I’d like to map out burial plots at a cemetery in detail. I would like to:
Map the extent of the plot area (verified from an official, publicly recorded cemetery map)
Mark the location of the headstone (if any)
Looking at the ways such things are mapped currently, it seems that whether a grave is mapped as an area or a node, they are tagged the same.
Group Plots
The relationship between plot and headstone is not always 1:1, as in the case of large family plots, where a single headstone is engraved with information relating to multiple individual burial sites.
The area information for each family member is known, and could be mapped as a closed way with cemetery=grave for the specific plots. But what about the family headstone? It’s not really a “grave” in the same way that the plots themselves are, but I don’t see a way to distinguish the two in how these things are currently tagged.
Headstone Attributes
I also thought it would be interesting to include information about the headstone itself, such as its material, color, height, etc. Having the headstone as its own node is ideal for this, and these attributes would not apply to the plot area, so a separate feature makes sense.
I know there’s grave=headstone, but the plot itself is left at the more generic cemetery=grave, which would completely overlap the headstones, tag-wise.
Can it be solved just with tagging?
Is there a better way to tag a burial plot? cemetery=burial_plot? But I know that there’s already an established practice of putting the name and other information onto cemetery=grave objects.
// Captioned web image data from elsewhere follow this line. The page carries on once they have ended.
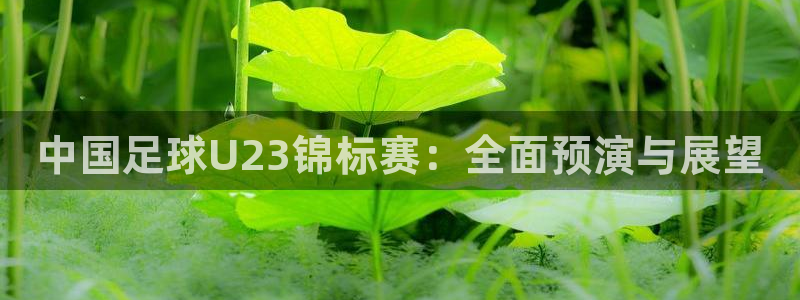 中国足球U23锦标赛：全面预演与展望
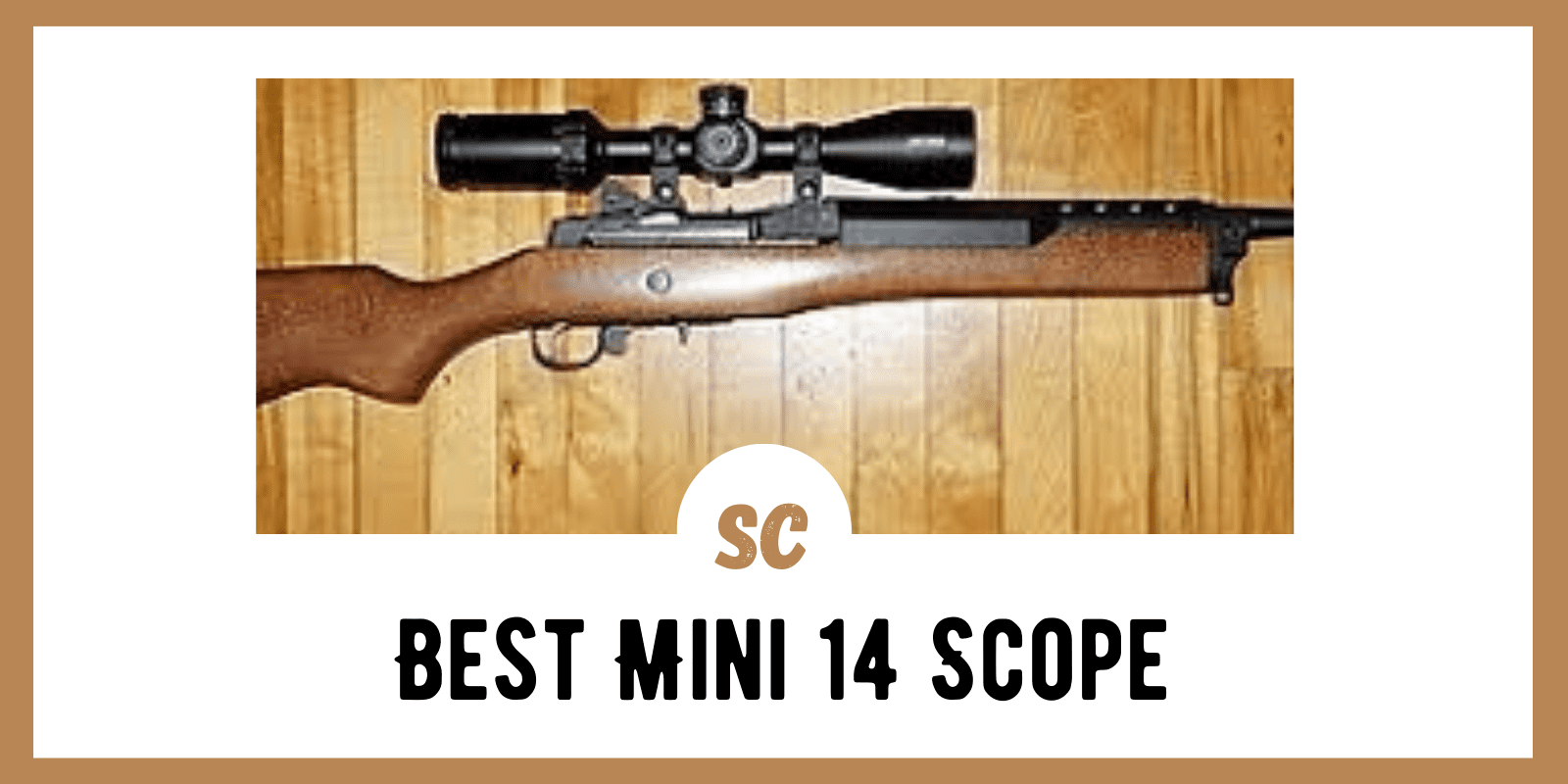 Best Mini 14 Scopes: Top 4 Picks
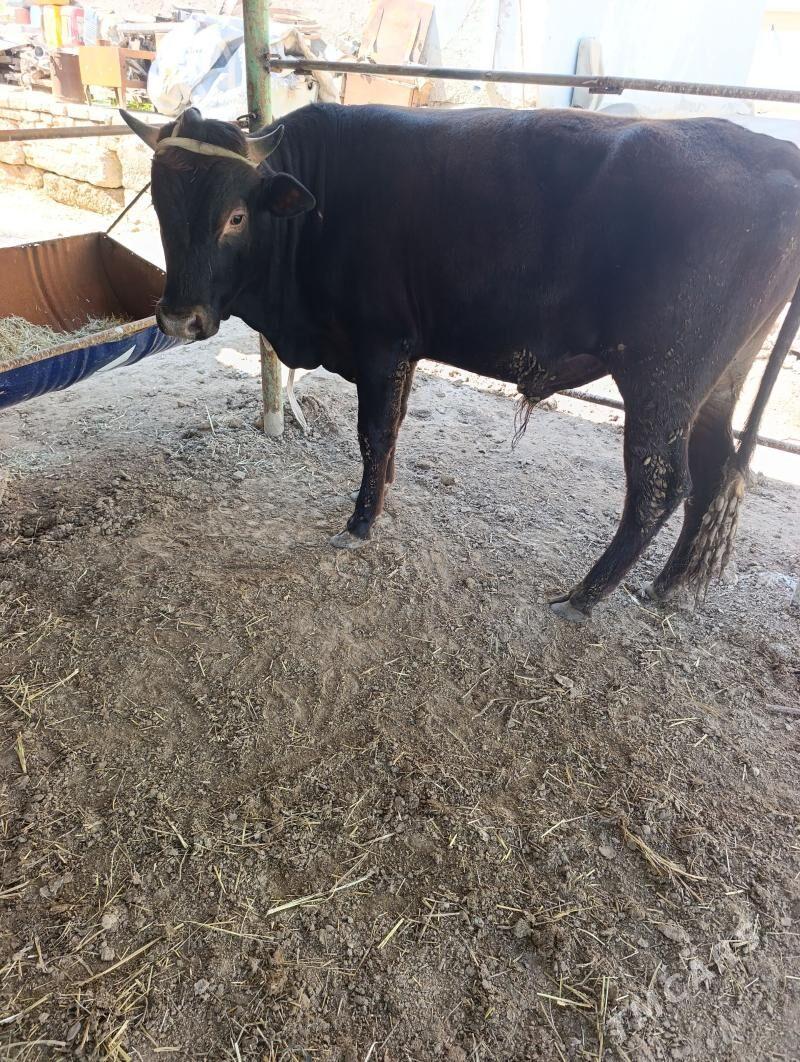 okuz - Murgap - img 1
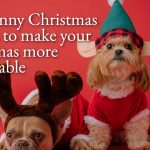 35+ Best Christmas Quotes about Light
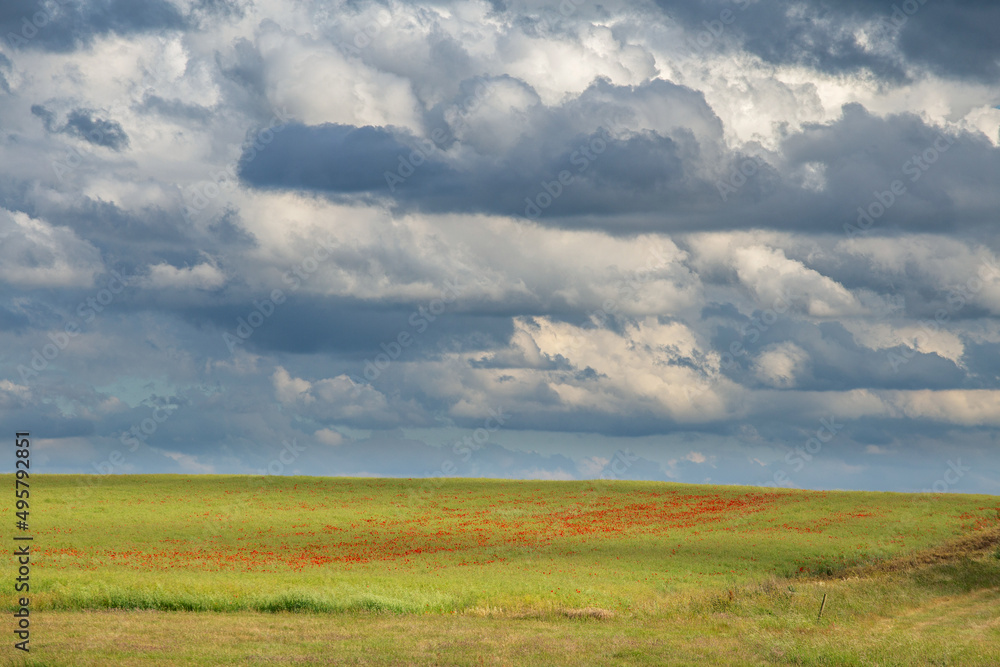 landscape with clouds, a field with red poppies landscape with clouds, a field with red poppies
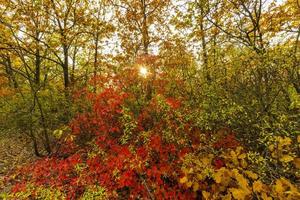 bosque de otoño colorido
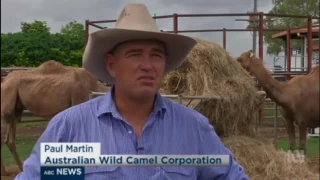 The potential camel dairy and meat industry for Queensland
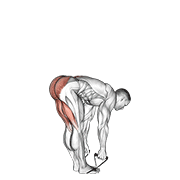 fast band straight leg deadlift demonstration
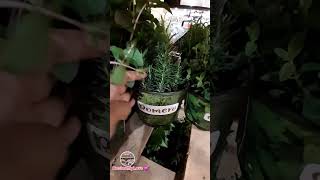 Hierbas Aromáticas en Costco Metepec 💕 24/04/26 #costco #hierbas #plantas #macetas #costcofinds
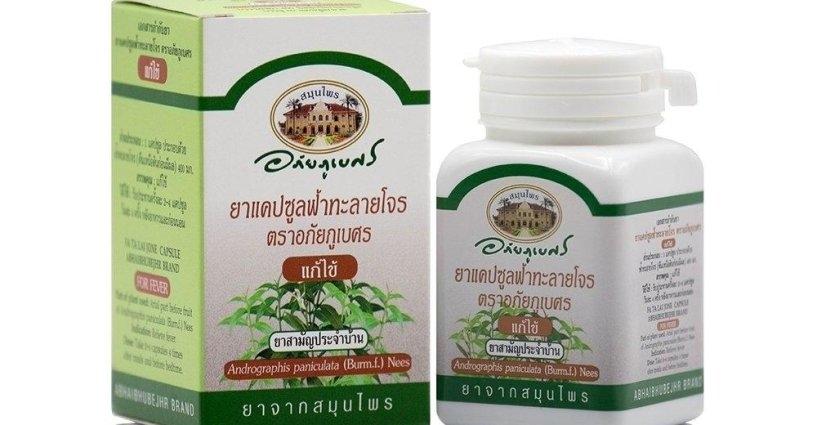 ฟ้าทะลายโจรป้องกันเชื้อไวรัสโควิด19 ได้จริงไหม ? ฟ้าทะลายโจรป้องกันเชื้อไวรัสโควิด19 ได้จริงไหม ?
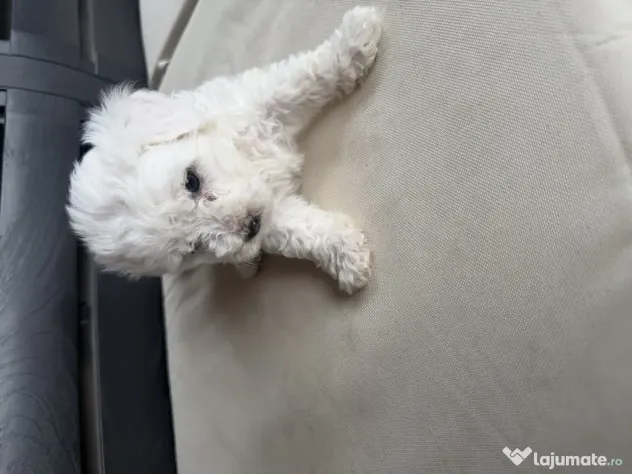 Vand bichon Maltez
I would map individual plots only where they are visible on the ground, hence no need for copying anything from the cemetery map.
A caveat regarding the names on gravestones, I have read that some jurisdictions around the world are contemplating to extend privacy rights to dead people which would then possibly put the mapping of names on gravestones on the same level as the mapping of names on doorbells (likely meaning that we’d delete the names from OSM).
Thank you for that information! I hadn’t even considered the privacy aspect.
That in mind, I’ve seen graves in OSM mapped with name=John Doe, but then also with inscription=Here Lies The Body Of John Doe, etc etc.
If I wanted to include the text of the inscription, should I proactively omit the names from that? Do you think the other information like birth, death, etc would be acceptable if the name were omitted?
From a family history and ground truth point of view, I’d map and record the memorials and text as you find it.
In the UK, many memorials have been recorded by family history societies, but I’ve no idea on the mapping quality. Might be worth chatting to your local Illinois family history/genealogy group. Recording the text is challenging enough, wearher worn etc. Also some cemeteries have been partially cleared or covered to provide additional burial volume. Stones are often moved to the boundaries. Also some burials are inside churches, memorial text getting badly damaged by walking on them, or on separate plaques. Some headstones etc are true memorials of those buried or lost elsewhere. Others being mass graves of unknown sailors and passengers of wrecks. Quite a challenge to map in detail!
Others have been cleared for building development, some for new railways. I wonder if the railway mappers will allow historic cemetery mapping for Curzon Street Station, Birmingham?
I wonder if it is reasonable to represent a plot as a node with just the family name, dates along any other random text that appears on the associated plaque or headstone.